Despite significant advances, several critical knowledge gaps remain in ASPRV1 research:

• Substrate identification beyond profilaggrin, particularly in neutrophils, represents the most pressing knowledge gap. While ASPRV1's role in neuroinflammation is established, the molecular mechanisms and substrates mediating this function remain unknown .

• Regulatory mechanisms controlling ASPRV1 expression in different tissues are poorly understood. The factors governing ASPRV1 upregulation in ICAM1+ neutrophils during inflammation require further characterization .

• The crystal structure of ASPRV1 has not been determined, limiting structure-based drug design. Current structural insights rely on homology modeling rather than experimental structures .

• The precise contribution of ASPRV1 to human multiple sclerosis pathogenesis requires further clarification, including its role in different MS subtypes and disease stages .

• The potential roles of ASPRV1 in other inflammatory or autoimmune conditions beyond MS remain unexplored, despite the enzyme's expression in neutrophils implicated in various inflammatory diseases.

Addressing these knowledge gaps will require interdisciplinary approaches combining structural biology, proteomics, advanced imaging, and clinical studies to fully elucidate ASPRV1's physiological and pathological roles and to harness its therapeutic potential.

What emerging technologies might accelerate ASPRV1 research in the coming years?

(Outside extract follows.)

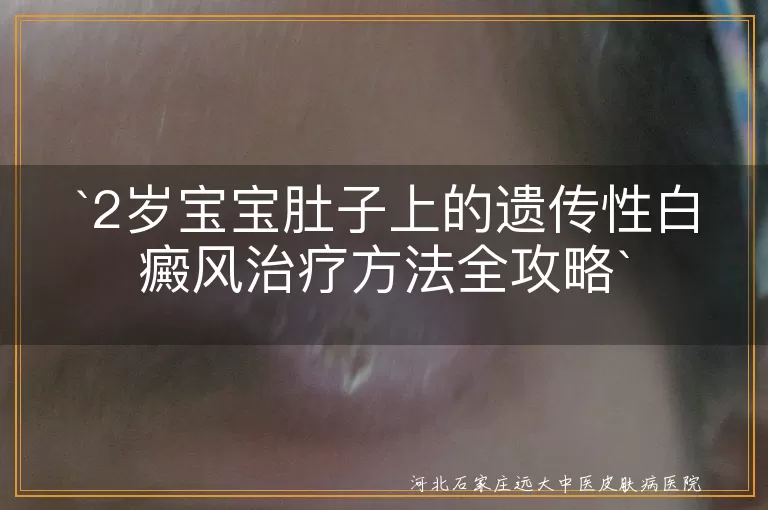 遗传性白癜风,2岁宝宝,治疗方法,一般治疗,药物治疗,物理治疗,手术治疗,日常护理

Several emerging technologies hold particular promise for advancing ASPRV1 research:

• Single-cell proteomics and transcriptomics could reveal ASPRV1 expression patterns in neutrophil subpopulations and identify co-expressed factors that regulate its function in different contexts, potentially explaining tissue-specific roles .

• CRISPR-based technologies beyond simple knockouts, including base editing and transcriptional modulation, could enable precise manipulation of ASPRV1 expression and function in specific tissues or cell types without complete elimination.

• Advanced imaging techniques like imaging mass cytometry could track ASPRV1+ neutrophils in tissue contexts while simultaneously measuring multiple markers to characterize their interactions with other immune cells .

• Activity-based protein profiling with tailored probes could identify ASPRV1 substrates in neutrophils and inflammatory microenvironments by capturing transient enzyme-substrate interactions.

• Cryo-electron microscopy could determine the high-resolution structure of ASPRV1 in different conformational states, facilitating structure-based drug design for specific inhibitors.

• Patient-derived organoids or humanized mouse models could bridge the gap between basic research and clinical applications, providing more relevant systems for testing ASPRV1 modulators before clinical trials.